What designing recording studios teaches us about comfort and atmosphere

We’ve spent over a decade designing recording studios, including TEN87 and The Qube.

They’re highly technical environments — but the thinking behind them carries into almost every project we work on.

In a studio, sound isn’t something you deal with at the end. It’s something you shape from the outset.

We worked on one space where a small change to a wall build-up — something you would never notice visually — completely transformed how the room felt to use. It shifted from slightly uncomfortable to balanced and controlled.

You wouldn’t necessarily be able to explain why.

But you would feel it.

That way of thinking stays with you.

In restaurants, for example, guests should feel private — not overheard or exposed. Yet, we consider how waiters need to move through the space, what they can see, and how quickly they can read a table; so building enclosures for privacy is usually not the right answer.

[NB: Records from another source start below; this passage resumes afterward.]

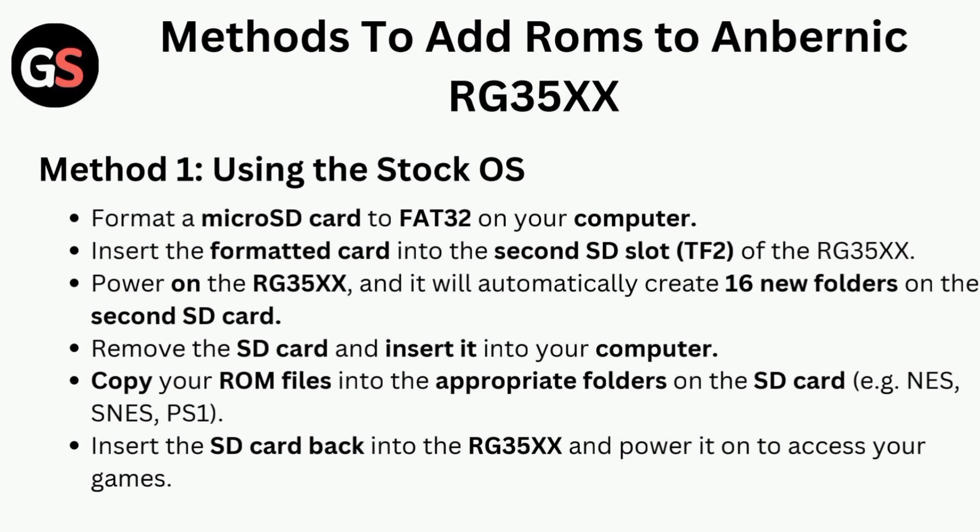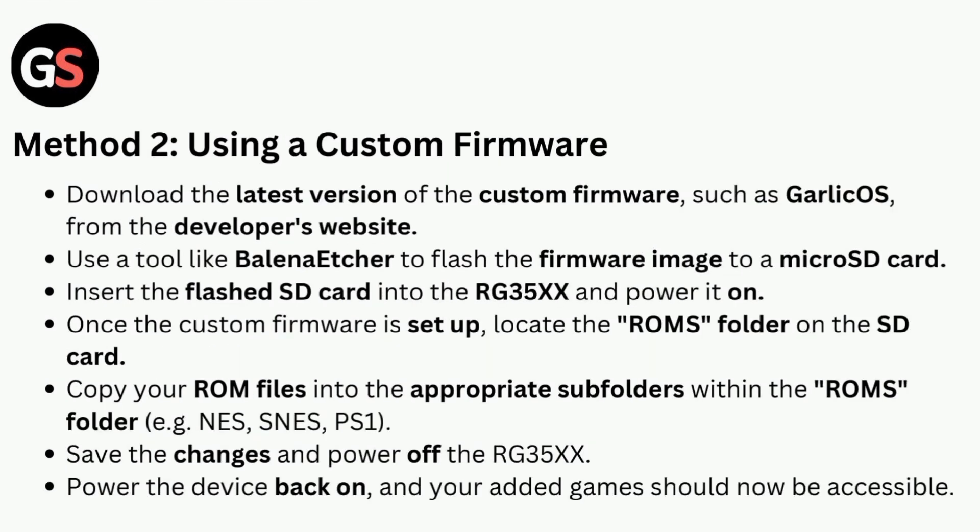Copy your ROM files into the appropriate folders on the SD card. Insert the SD card back into the RG35X and power it on to access your games.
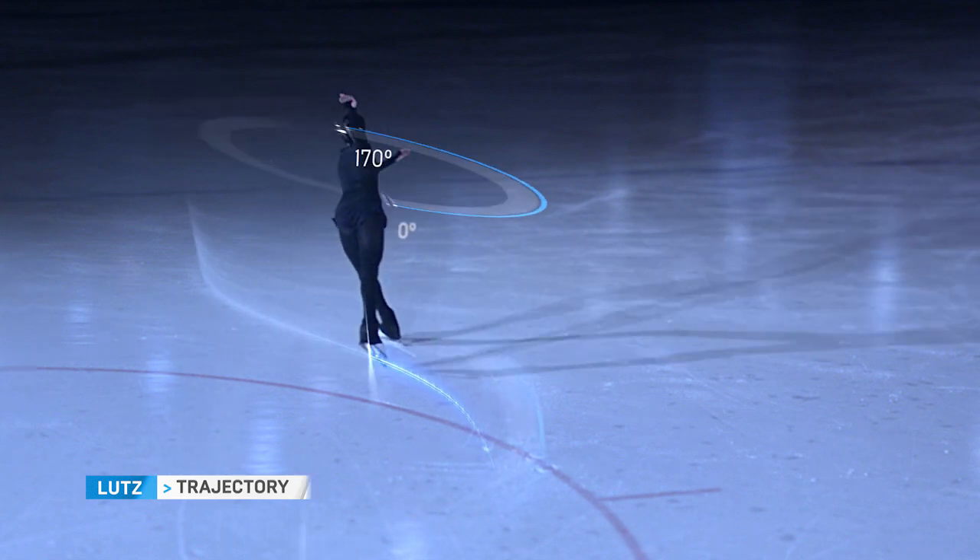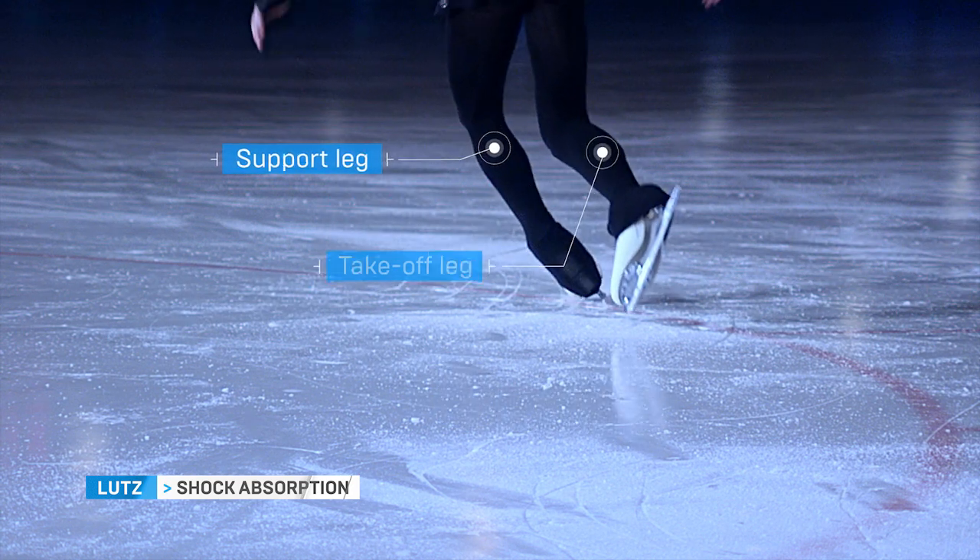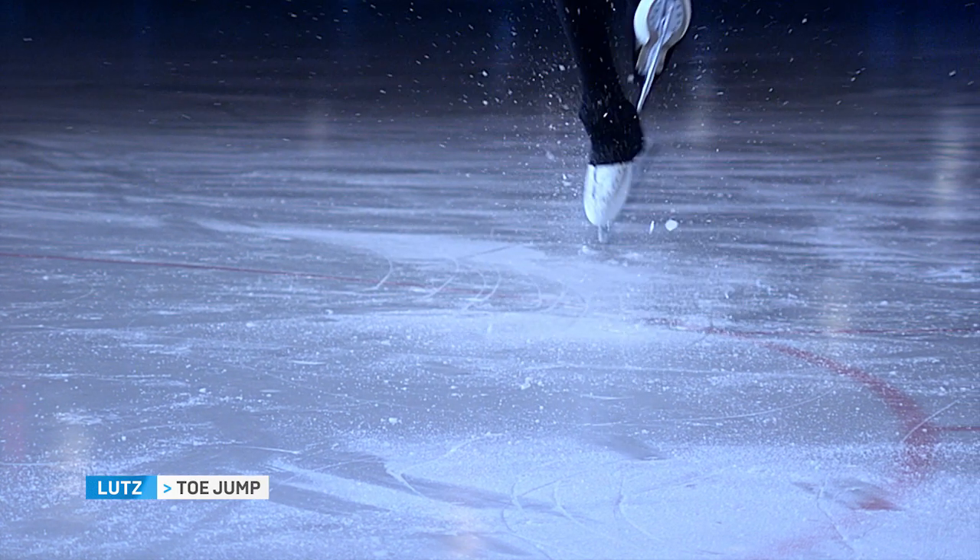You change edge from inside to out, and jump from the outside edge. The left leg is your support leg, and your right leg does a toe-pick take-off. We push off and…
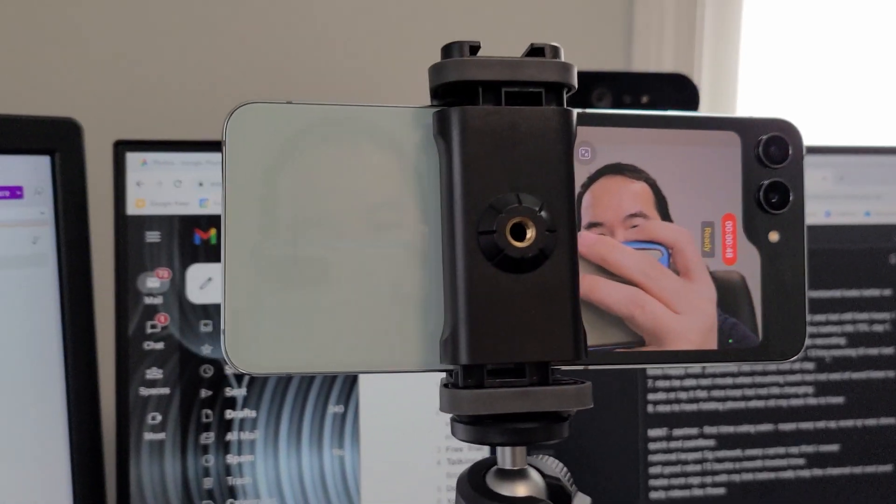Hey guys, I'm Mo. Welcome to day two in a life of the Galaxy Z Flip 5. Today I'm using the main camera and utilizing the video portrait mode. Currently I've got this phone mounted on a tripod, so here's my current setup.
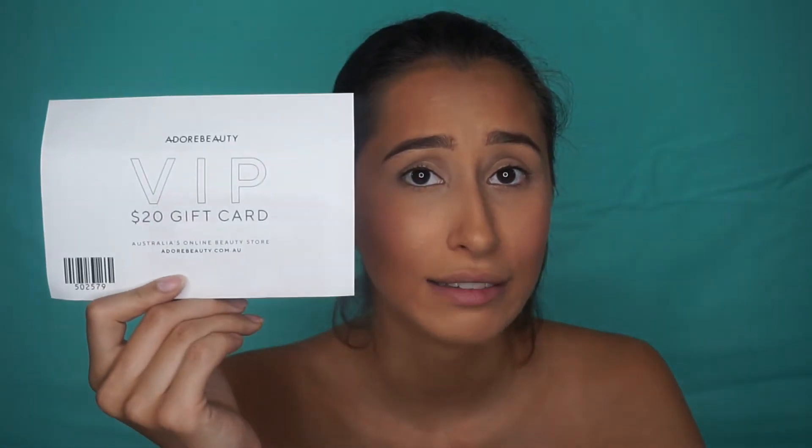You can buy it at Target if you're in Australia, but I just saw this and it was only $40, so I got it. They also sent me a $20 gift card and a $10 voucher - thank you. So that's Adore Beauty - I'll link it down below.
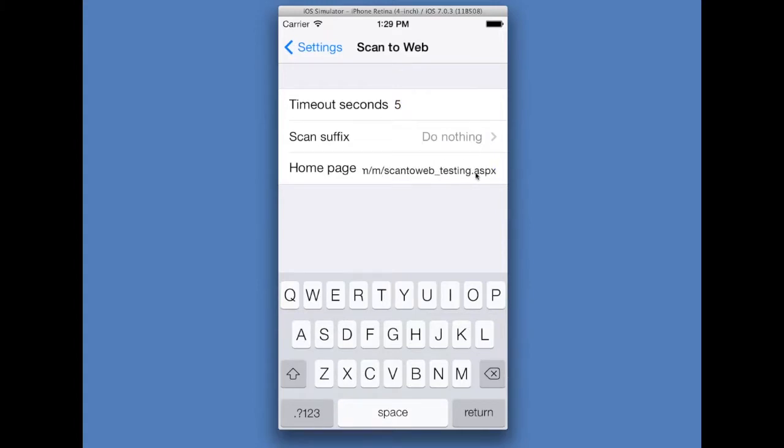Lastly, we can change the home page that Scan to Web starts at. We're going to go to a sample page we've made with multiple fields.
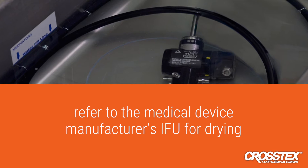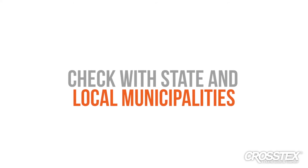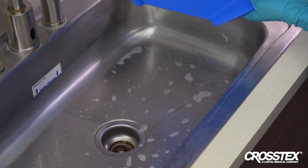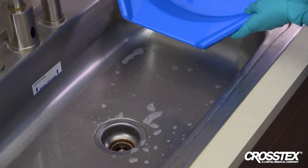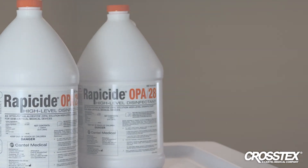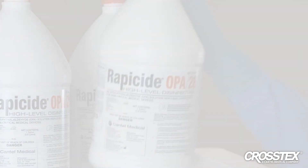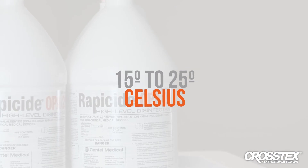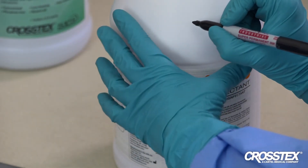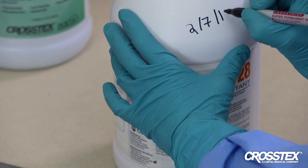Refer to the medical device manufacturer's IFU for drying. Be sure to follow any state, local, or department disposal regulations when disposing of Rappaside HLD. Unless otherwise specified, Rappaside OPA28 HLD can be safely discarded down the drain, making sure to flush thoroughly with water. Store Rappaside OPA28 in its original sealed container at a controlled room temperature of 15 to 25 degrees Celsius (59 to 77 degrees Fahrenheit) in a well-ventilated area. Once opened, the unused portion may be stored in its original container for up to 75 days until used.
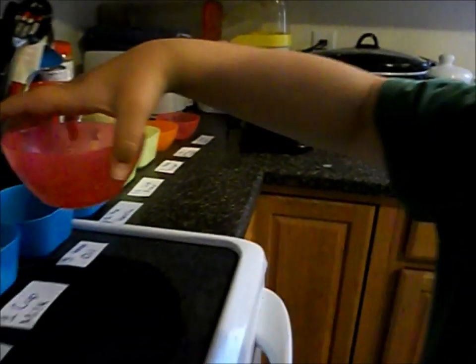Preheat your waffle maker. First, you'll need an egg. Grab the egg and stir until it's light yellow.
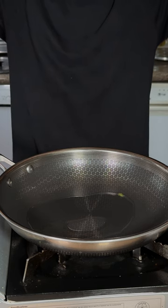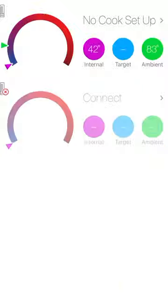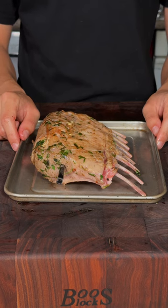After the marinade, I'll go ahead and sear my lamb. We'll insert the meat thermometer, and into the oven at 350 degrees Fahrenheit until you reach your desired internal temperature.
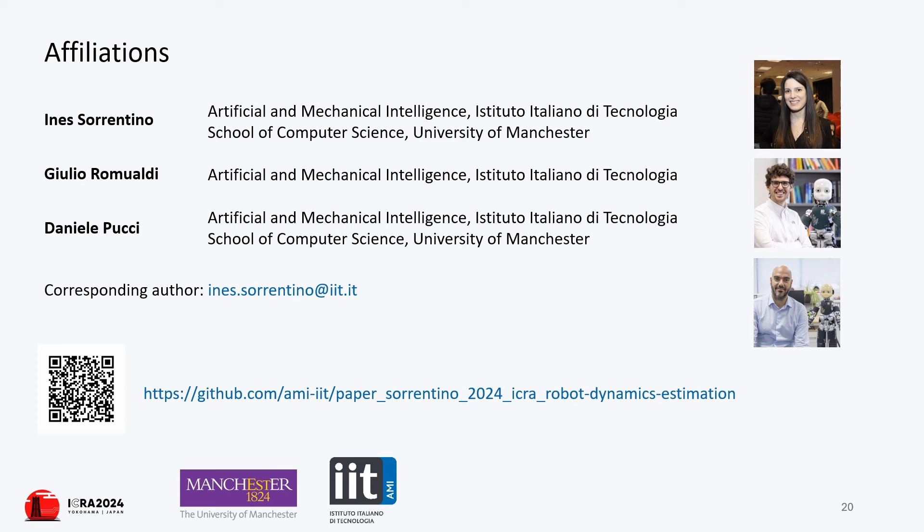Thanks for watching. If you are interested in the details of this work, please check out our paper and code.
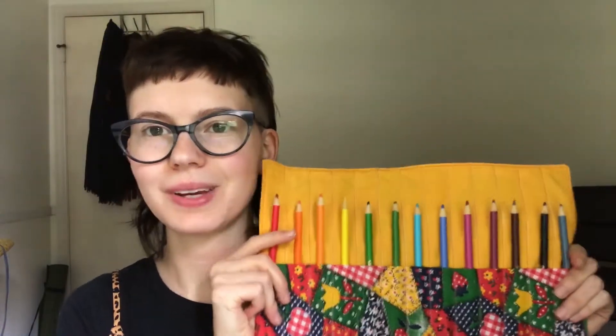Hi everyone, my name is Ellie. I teach sewing and crafts at the library and today I'm going to show you how to sew this pencil roll that you can use to store all of your pens and pencils. This is a really easy beginner-friendly project so I hope you'll join me. Let's get started.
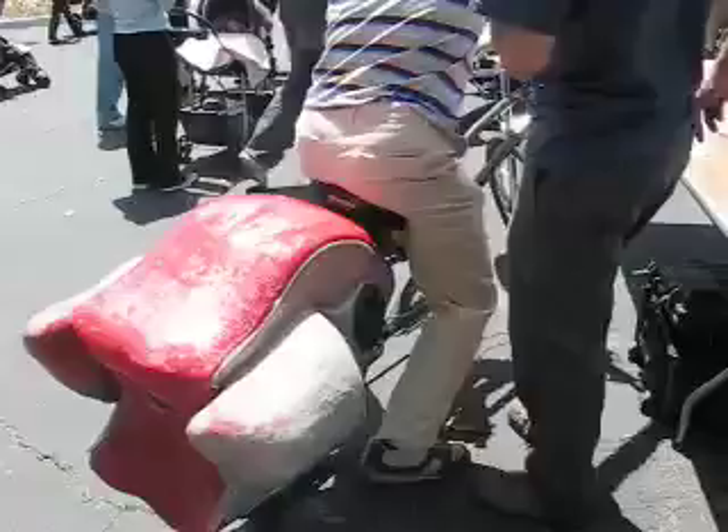My name is Paul Friedman. This is my partner Nate. We run this website called rockthebike.com. We are party bike organizers and cruiser bike organizers. We like to get people involved in biking in the community.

So we tune the space differently.

We soften walls with fabrics and artwork, introduce subtle screening at seated eye level, and use surfaces — floors, ceilings, tables — to manage how sound travels. There’s always a level of background noise, but it’s controlled. It creates energy without discomfort.

In homes, the same principle applies in a quieter way.

Open-plan spaces can easily become overwhelming if sound isn’t considered. Equally, bedrooms and quieter areas need to feel insulated from the rest of the house.

These are rarely the most visible decisions.

But they’re often what people are responding to when they say a space “just feels right”.

If something feels slightly off, it’s often not visual.

And it’s almost always easier to resolve early, before everything else is fixed.